Aukje Nauta, an organisational psychology professor at the University of Leiden, who is researching how companies can enhance individuals in a dynamic work context, believes that employers could look toward the Netherlands for inspiration as they consider how best to implement remote-work policies and set up virtual offices.

“Values such as democracy and participation are deeply rooted in the Dutch working culture, so managers place more trust in their workers than elsewhere in the world,” she says. “For example, ING bank now has a policy on unlimited holidays implemented for pilot groups of workers, who can take as much holiday as they want as long as their tasks do not suffer."


"Employers elsewhere are now learning that employees can be trusted to work from home, and I believe that in post-corona times, smart combinations of working from home and meeting in real life will emerge more and more worldwide.”


But there are also broader economic and social contexts that enable remote work to flourish in the Netherlands. “Physical infrastructure is well developed, and public and commercial remote-working facilities are plentiful,” says Bart Götte, a business futurist and psychologist based in Amersfoort. “Public libraries have reinvented themselves as massive and comfortable modern working spaces, and there are an enormous number of small, quality coffee shops that service the remote workforce."
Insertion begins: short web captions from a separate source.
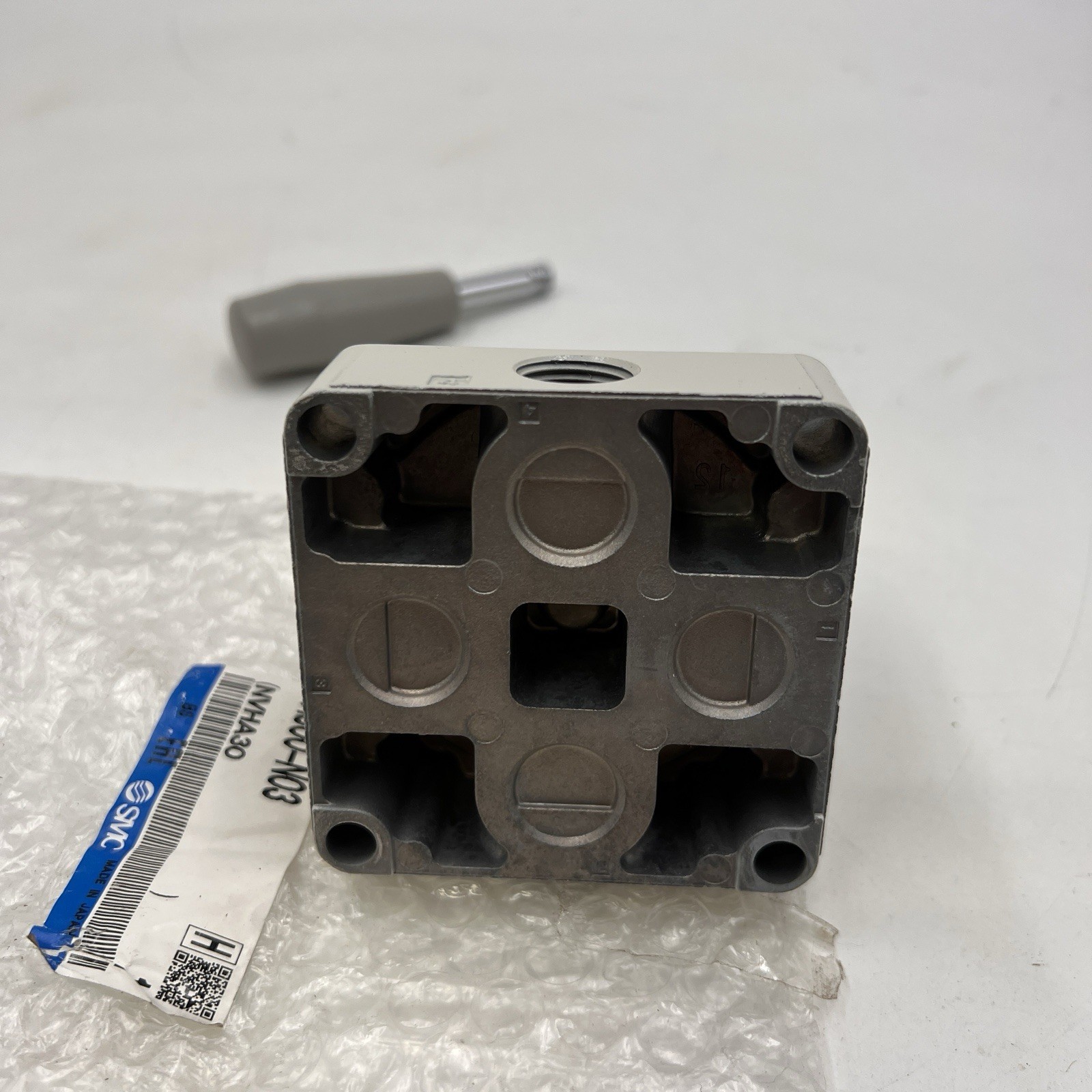 SMC VH300-N03 / VH300N03 ( NEW )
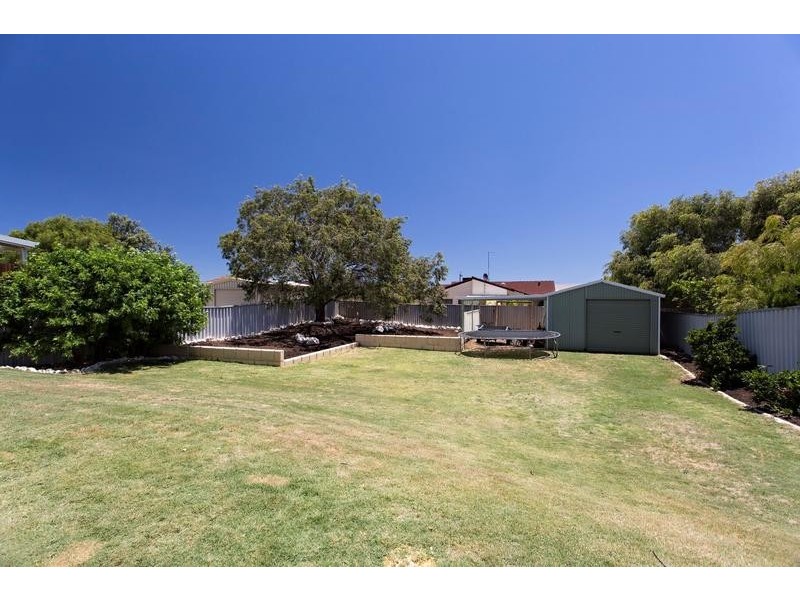 18 Scrivener Place, Halls Head WA 6210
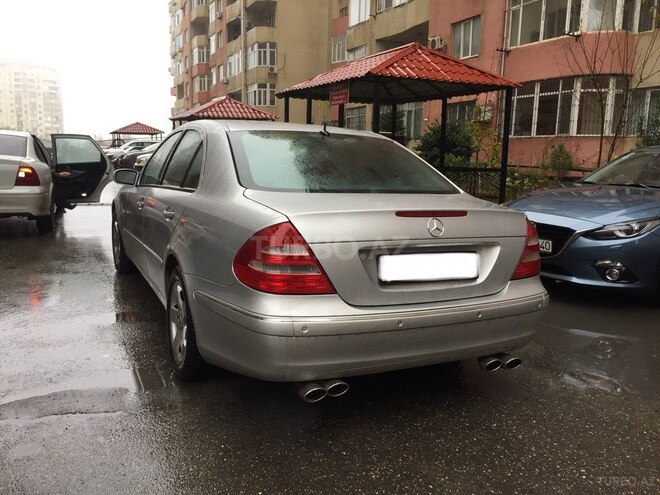 Mercedes E 350 2005, 252,000 km - 3.5 l - Bakı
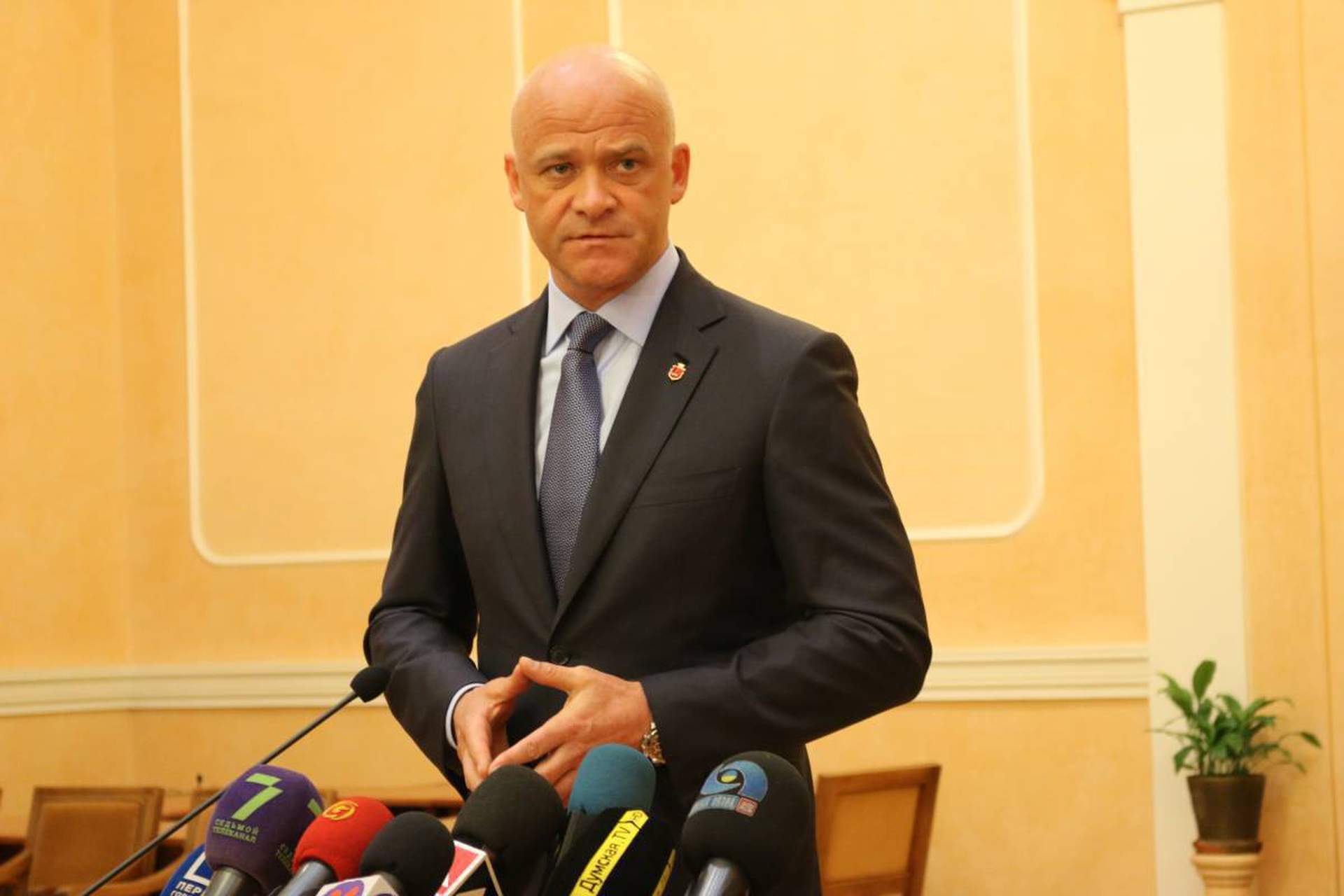 Сессия Одесского горсовета: "майдан" и переполненный зал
"Employers in the Netherlands have also seized the opportunity to cut costs and become more productive – they need less square metres of expensive office space, and strict sick pay legislation in the Netherlands means that they are motivated to make sure that their workers have healthy working facilities at home.”

The explosion of remote working facilities in the Netherlands hasn’t just benefited employees of large companies. Around 1.1 million workers in the Netherlands are self-employed, and the normalisation of the virtual office has made it easy for freelancers and small business start-ups to operate without the need for dedicated office space.

With the Netherlands displaying an admirable level of trust in its employees and an understanding of the digital frameworks needed to support remote work, other countries may now be looking towards the Dutch as they plan a post-Covid future.